Failure to comply with government regulations regarding our products could harm our business.

Several state and federal laws have been applied to restrict certain marketing practices in the medical device industry in recent years.  These include federal and state “anti-kickback” statutes.  The federal health care program anti-kickback statute prohibits persons from knowingly and willfully offering, paying, soliciting, or receiving remuneration in return for referrals or in return for purchasing, leasing, ordering, or arranging for or recommending  purchasing, leasing, or ordering any service or item payable under Medicare, Medicaid, or certain other federally funded health care programs.  These provisions have been broadly interpreted to apply to certain relationships between manufacturers, purchasers of manufacturers’ products, and parties in a position to refer or recommend purchases.  Under current law, federal courts and the Office of Inspector General of the United States Department of Health and Human Services have stated that the statute may be violated if one purpose (as opposed to a primary or sole purpose) of remuneration is to induce prohibited purchases, recommendations or referrals.

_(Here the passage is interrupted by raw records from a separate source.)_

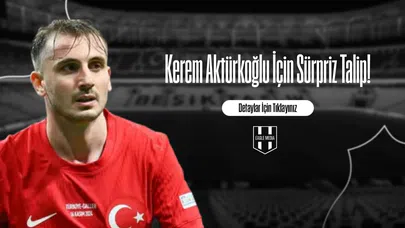 Kerem Aktürkoğlu İçin Sürpriz Talip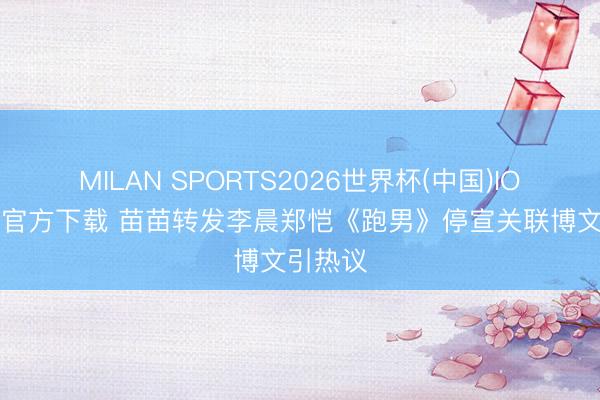 MILAN SPORTS2026世界杯(中国)IOS/安卓官方下载 苗苗转发李晨郑恺《跑男》停宣关联博文引热议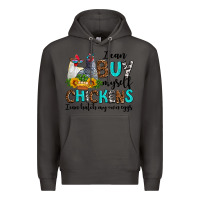 Smoke i can buy myself chickens i can hatch my own eggs Premium Hoodie - AdoDesignShop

There are a number of statutory exceptions and regulatory safe harbors under the federal anti-kickback statute, including those for properly disclosed reductions in price, payments to bona fide employees, payments to group purchasing organizations, compensation under personal services contracts and warranties.  Although a failure to satisfy all of the criteria for a particular safe harbor does not necessarily mean that an arrangement is unlawful, practices that involve remuneration intended to induce purchases or recommendations may be subject to government scrutiny if they do not qualify for a safe harbor.

The majority of states also have statutes or regulations similar to the federal health care program anti-kickback statute. Certain of these laws do not have exemptions or safe harbors.  Moreover, in several states, these laws apply regardless of whether payment for the services in question may be made under Medicaid or state health programs.  Sanctions under these federal and state laws may include civil money penalties, license suspension or revocation, exclusion or medical product companies, providers, or practitioners from participation in federal or state healthcare programs, and criminal fines or imprisonment.  Our practices may not in all cases meet all of the criteria for safe harbor protection from anti-kickback liability.  Because of the breadth of these statutes, it is possible that some of our business activities could be subject to challenge under one or more of such laws.  Such a challenge could have a material adverse effect on our business and financial condition.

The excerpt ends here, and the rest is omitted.